Ex-Porsche CFO Didn’t Make False Statement to BNP, Lawyer Says
By Karin Matussek - May 17, 2013 8:20 AM ET
Ex-Porsche SE Chief Financial Officer Holger Haerter’s lawyer attacked claims that a March 2009 e-mail to BNP Paribas SA (BNP)’s central credit committee may have influenced the bank’s decision to back part of a 10 billion-euro ($12.9 billion) loan.
The bank had already decided to provide Porsche the 500 million-euro share of the loan before the e-mail was sent, Anne Wehnert, Haerter’s attorney, told a Stuttgart court in closing arguments today. Prosecutors claim the message downplayed the company’s liquidity needs by 1.4 billion euros if it was to acquire a 20 percent stake in Volkswagen AG. (VOW)

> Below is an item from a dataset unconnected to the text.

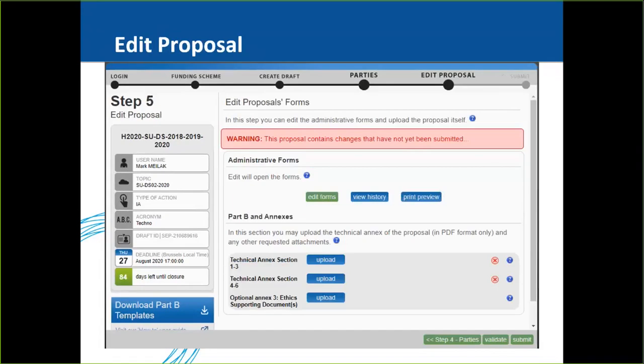You can download the templates, fill them in with the coordinator, and upload the proposal multiple times as long as the submission deadline has not passed. The main takeaway is to start early. Whether you are a coordinator or a partner, download templates early and start working on the proposal in advance, because producing a good proposal takes time.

“This is an artificial allegation,” Wehnert said. “The prosecution puts BNP in a victim position the bank isn’t even claiming for itself.”
Haerter is on trial with one other Porsche manager on charges they lied about Porsche’s financial condition during the failed bid for Volkswagen through derivatives. Haerter has separately been charged with market manipulation along with former Chief Executive Officer Wendelin Wiedeking over the use of options in the VW bid.

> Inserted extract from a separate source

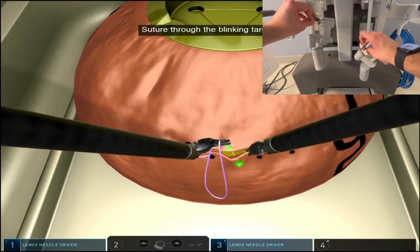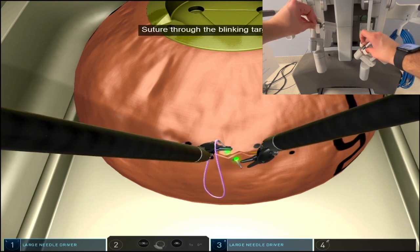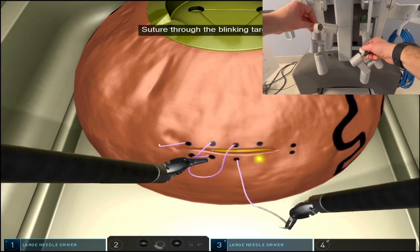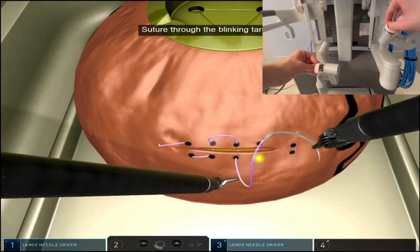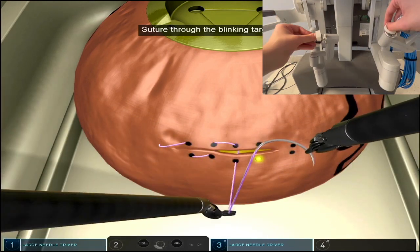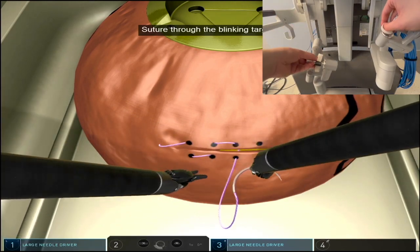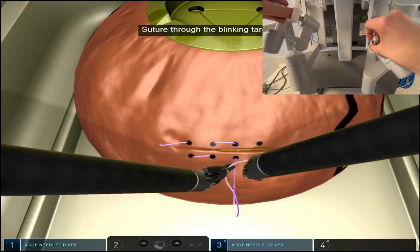You can either supinate or pronate your hand as you go. You can pull the excess suture line as shown here.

Prosecutors last week asked the court to give Haerter a one-year suspended sentence and order him to pay one million euros. They claim he said Porsche would need to spend 4.1 billion euros to gain control of Volkswagen where the correct amount would have been 5.5 billion euros.

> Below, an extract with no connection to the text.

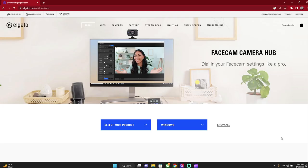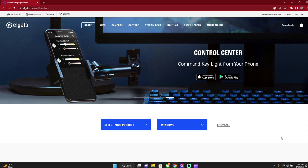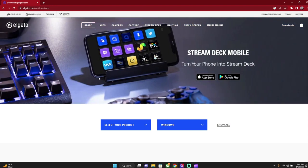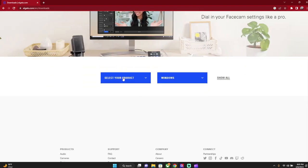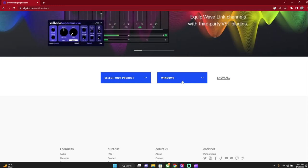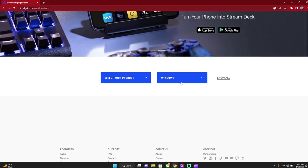Now let's head to the digital side. Now that we have our Elgato set up and know what we're capturing, let's download the software. Go to elgato.com and in the top-right corner click Downloads. This takes you to the downloads page where you'll see options to select your product and your platform.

The e-mail was sent on March 19, a few days after the Paris-based BNP credit committee had internally decided to participate in the syndicated loan. The deal was signed a few days after the e-mail was received. A Frankfurt-based BNP manager, who negotiated the agreement, had drafted the statement seeking the additional information and asked Haerter to sign it. The ex-CFO, together with two other managers, edited the text and sent it back.
Wehnert said the e-mail wasn’t about the sports-car maker’s liquidity needs, as the BNP manager thought. It instead dealt with the net purchase price, a term looking at the success of an option strategy over a period of time, rather than the exercise price of the call optionsPorsche held on VW shares.
“We have heard from witness that this is a dilettantish reading of the term net purchase price,” Wehnert said. “My client isn’t to blame that a BNP manager used a term he didn’t understand.”